An Empirical Evaluation of Cost-based Federated SPARQL Query Processing Engines

Tracking #: 2514-3728

Authors: 
Umair Qudus
Muhammad Saleem
Axel-Cyrille Ngonga Ngomo
Young-Koo Lee1

Responsible editor: 
Ruben Verborgh

Submission type: 
Full Paper
Abstract: 
Finding a good query plan is key to the optimization of query runtime. This holds in particular for cost-based federation engines, which make use of cardinality estimations to achieve this goal. A number of studies compare SPARQL federation engines across different performance metrics, including query runtime, result set completeness and correctness, number of sources selected and number of requests sent. Albeit informative, these metrics are generic and unable to quantify and evaluate the accuracy of the cardinality estimators of cost-based federation engines. To thoroughly evaluate cost-based federation engines, the effect of estimated cardinality errors on the overall query runtime performance must be measured. In this paper, we address this challenge by presenting novel evaluation metrics targeted at a fine-grained benchmarking of cost-based federated SPARQL query engines. We evaluate five cost-based federated SPARQL query engines using existing as well as novel evaluation metrics by using LargeRDFBench queries. Our results provide a detailed analysis of the experimental outcomes that reveal novel insights, useful for the development of future cost-based federated SPARQL query processing engines.
Full PDF Version: 
Tags: 
Reviewed

Decision/Status: 
Minor Revision

Solicited Reviews:
Click to Expand/Collapse
Review #1
Anonymous submitted on 13/Jul/2020
Suggestion:
Major Revision
Review Comment:

I thank the authors for their reply letter and updated paper.
Most of my earlier comments have been addressed,
except for my main comment regarding the significance of the metrics.

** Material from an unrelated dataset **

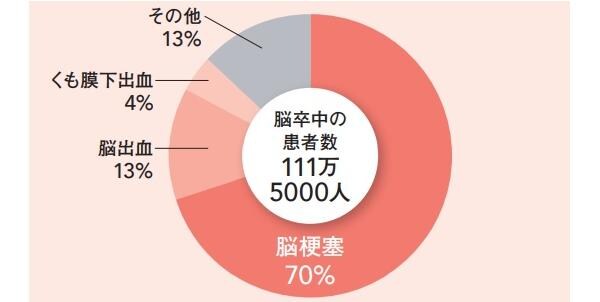 突然発症し、寝たきりの原因にもなる脳卒中。その7割が脳梗塞です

I will re-iterate this earlier remark on the weakness of the similarity and q-error metrics:
According to the current experiments, correlation to query execution time has been shown to be quite small (R values).
Furthermore, the results for q-error are insignificant (p values) in most cases,
and for similarity in 50% of the cases under linear regression, and 25% using robust regression.
The authors correctly explain that this shows that query execution time is explained by a multitude of factors, where cardinality estimates are one.
However, given the outcomes of these experiments,
there is no proof that these metrics are significant enough to provide information about cardinality estimation,
which makes the value of these metrics questionable.
I find it unfortunate that the authors did not find a alternative method of proving the effectiveness of these metrics in a statistically significant manner,
as I do think that these metrics have their value in this domain.

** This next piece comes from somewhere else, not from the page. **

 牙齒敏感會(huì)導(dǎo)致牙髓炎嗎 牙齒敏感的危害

Even after repositioning the paper, the introduction, evaluation, and discussion of these metrics up the majority of this submission.
Therefore, I find this work too weak in its current state to accept for a journal.

Typo:
* Page 2: "sate-of-the-art cost-based"

Review #2
By Stasinos Konstantopoulos submitted on 29/Jul/2020
Suggestion:
Minor Revision
Review Comment:

The submission proposes a similarity metric that evaluates the accuracy of the predictions that a query optimizer makes about the cardinalities of triples and joins. As these predictions are the primary input for estimating cost, erroneous cardinality predictions can lead the optimizer to sub-optimal query plans.

The proposed similarity metric is compared against q-error, a metric for evaluating cardinality predictions from the relational database literature. The basis of comparison is how strongly the evaluation metric correlates with actual execution times on a benchmark suite. That is to say, the proposed similarity metric is found superior to q-error in the sense that the new metric is a better predictor of overall query execution performance than q-error. Such a metric can be used (in combination with other metrics evaluating other steps of the query processing pipeline) in order to pin-point the step that causes ill-performance.

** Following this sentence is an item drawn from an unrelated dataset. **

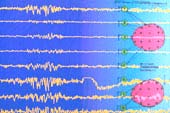 Brief Overview of Epilepsy e) Deep brain stimulation (DBS)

The article is well-written and the work described can potentially be a significant contribution to the federated query processing literature, and the submitted manuscript is a substantial contribution towards materializing this potential.

My comments regarding the analysis of the experiments' outcomes have been addressed to the degree that I only have minor editorial complaints. Specifically, I recommend that Section 6.3 (or thereabout) the authors provide a concrete example demonstrating how the new metric can be used in a way that q-metric alone would be insufficient or inadequate. This would evaluate the first contribution claimed by the authors: the new metric can give a fine-grained evaluation of query engines. I note here that in the previous round, the authors reacted to this recommendation with a rough sketch of such an example in their response, but nothing relevant was added to the manuscript.